Pernikahan di Bali di Pandang dalam Stratifikasi Sosial

Perbedaan status sosial memang eksis pada semua bangsa, tetapi dimanapun di dunia  tidak ada pertingkatan kasta yang begitu kakunya, seperti yang berlaku di Bali, terutama pada masa kerajaan absolut yang berlangsung berabad-abad di Bali.  Keunikan Bisa dilihat lewat bagaimana orang Bali melakukan pembinaan kekerabatan secara lahir bathin.Orang Bali begitu taat untuk tetap ingat dengan asal muasal dari mana dirinya berasal. Hal inilah yang kemudian melahirkan berbagai golongan di masyarakatnya yang kini dikenal dengan kasta atau wangsa. Tatanan masyarakat berdasarkan wangsa ini begitu kuatmenyelimuti aktivitas kehidupan orang Bali. Mereka tetap mempertahankan untuk melestarikan silsilah yang mereka miliki. Mereka dengan seksama dan teliti tetap menyimpan berbagai prasasti yang didalamnya berisi bagaimana silsilah sebuah keluarga Bali.

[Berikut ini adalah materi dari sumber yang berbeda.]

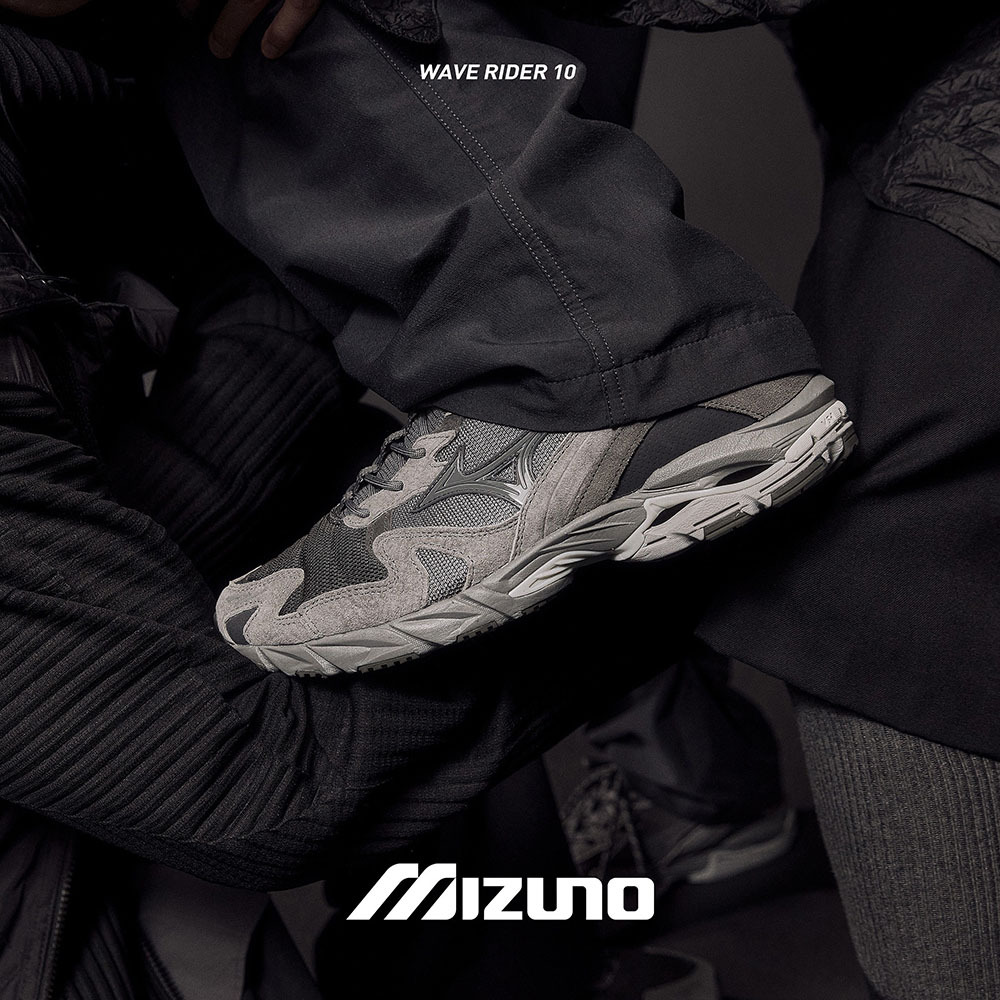 Slow Steady Club x Mizuno Sportstyle Wave Rider 10 Grey 深灰 D1GD240301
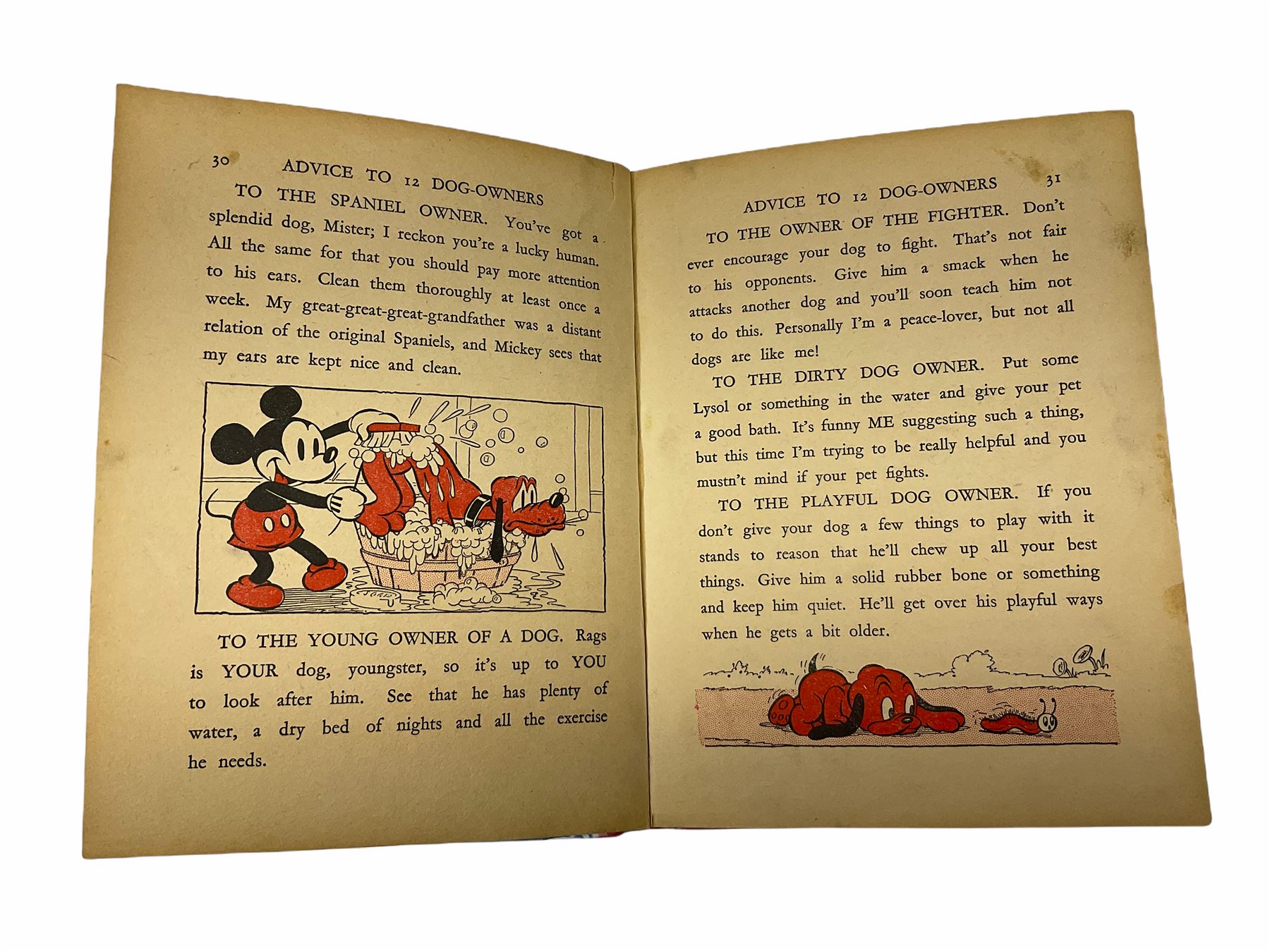 Thirteen illustrated children's books 1930s -1950s including The Magic-Beano Book 1945, Walt Disney's Pluto's Play-Time, Mr. Fox The Thief etc (13)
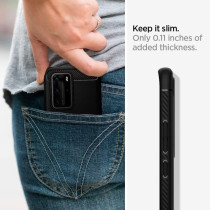 Spigen Rugged Armor Designed For Huawei P40 Pro Case 2020, Matte Black, ACS00968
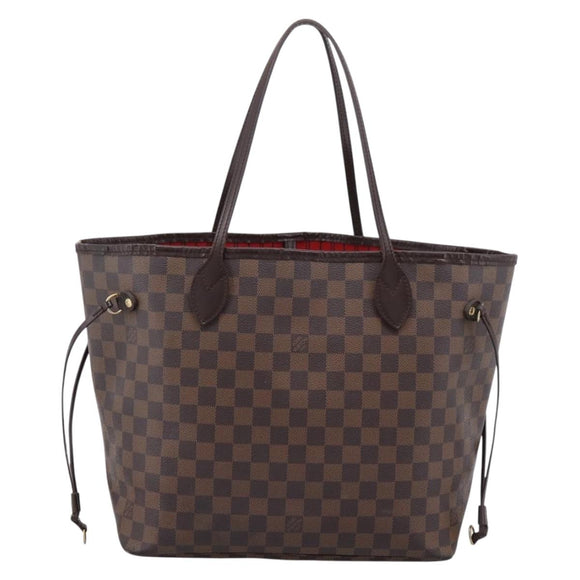 LOUIS VUITTON Damier Ebene Neverfull MM Tote Bag N51105 LV Auth 203271A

Ada  yang masih begitu fanatik dengan kasta namun ada juga yang bersikap biasa saja dan tidak terlalu peduli masalah kasta. Saat ini bisa dikatakan kasta di Bali terdiri dari empat bagian yaitu : Brahmana, Ksatria, Waisya, dan Sudra. Semuanya memiliki sejarah turun-temurun yang berbeda. Meski begitu,akhirnya mereka bertemu dalam siklus keturunan yang disebut Hyang Pasupati.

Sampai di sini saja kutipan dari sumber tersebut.